Simple model demonstrating the estimation of occupancy, using latent variables. Suppose
a population of n sites, with some proportion pi being occupied. Each site is surveyed, 
yielding an array of counts, y:

y = [3, 0, 0, 2, 1, 0, 1, 0, ..., ]

This is a classic zero-inflated count problem, where more zeros appear in the data than would
be predicted by a simple Poisson model. We have, in fact, a mixture of models; one, conditional
on occupancy, with a poisson mean of theta, and another, conditional on absence, with mean zero. 
One way to tackle the problem is to model the latent state of 'occupancy' as a Bernoulli variable 
at each site, with some unknown probability:

z_i ~ Bern(pi)

These latent variables can then be used to generate an array of Poisson parameters:

t_i = theta (if z_i=1) or 0 (if z_i=0)

Hence, the likelihood is just:

y_i = Poisson(t_i)

(Note in this elementary model, we are ignoring the issue of imperfect detection.)

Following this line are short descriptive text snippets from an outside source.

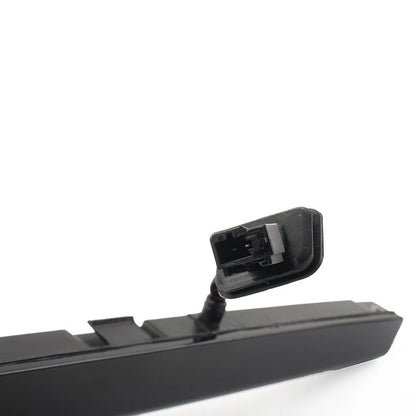 Car Rear High Level Brake Stop Light For VW Golf MK5 R32 For VW Polo MK4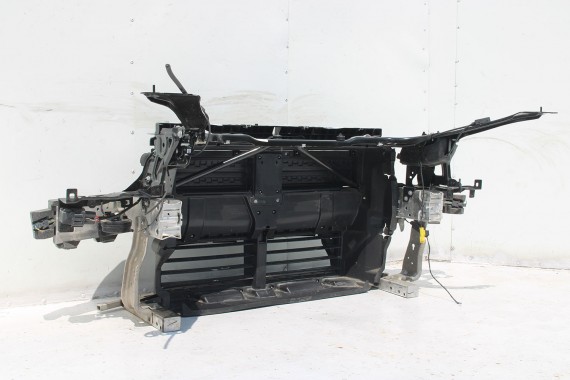 BMW 2 F46 PRZÓD PAS PRZÓD Grand Tourer 7424742 7382183 7422573 7422574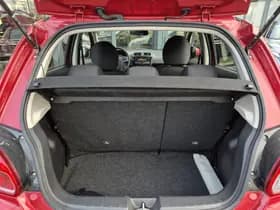 Mitsubishi Space Star thumbnail 9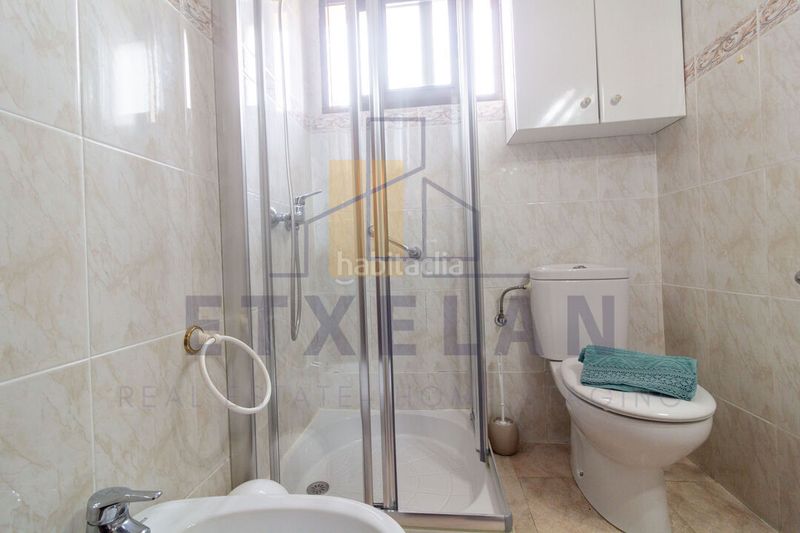 Foto 9e43c365-d4e3-4a36-901a-c4bc36980d9c. Appartement avec chauffage dans Berriz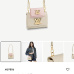 9Louis Vuitton AAA+ Handbags #999924098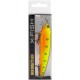 Воблер X-Fish Slim 100F 100mm 16.5g #163 (0.8-1.2m)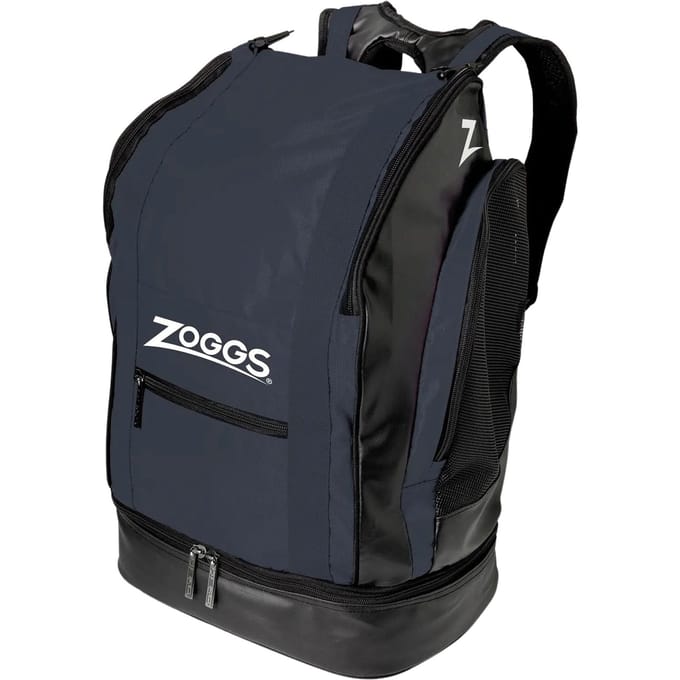 Zoggs Tour 40 Rugtas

Created by Chris Fonnesbeck on 2008-07-28.
Copyright (c) 2008 University of Otago. All rights reserved.
"""

# Import statements
from numpy import random, array
from pymc import MCMC, Matplot, Beta, Bernoulli, Lambda, Poisson, Uniform, deterministic

# Sample size
n = 100
# True mean count, given occupancy
theta = 2
# True occupancy
pi = 0.4

# Simulate some data data
y = [(random.random()<pi) * random.poisson(theta) for i in range(n)]

# Estimated occupancy
p = Beta('p', 1, 1)

# Latent variable for occupancy
z = Bernoulli('z', p, value=array(y)>0, plot=False)

# Estimated mean count
theta_hat = Uniform('theta_hat', 0, 100, value=3)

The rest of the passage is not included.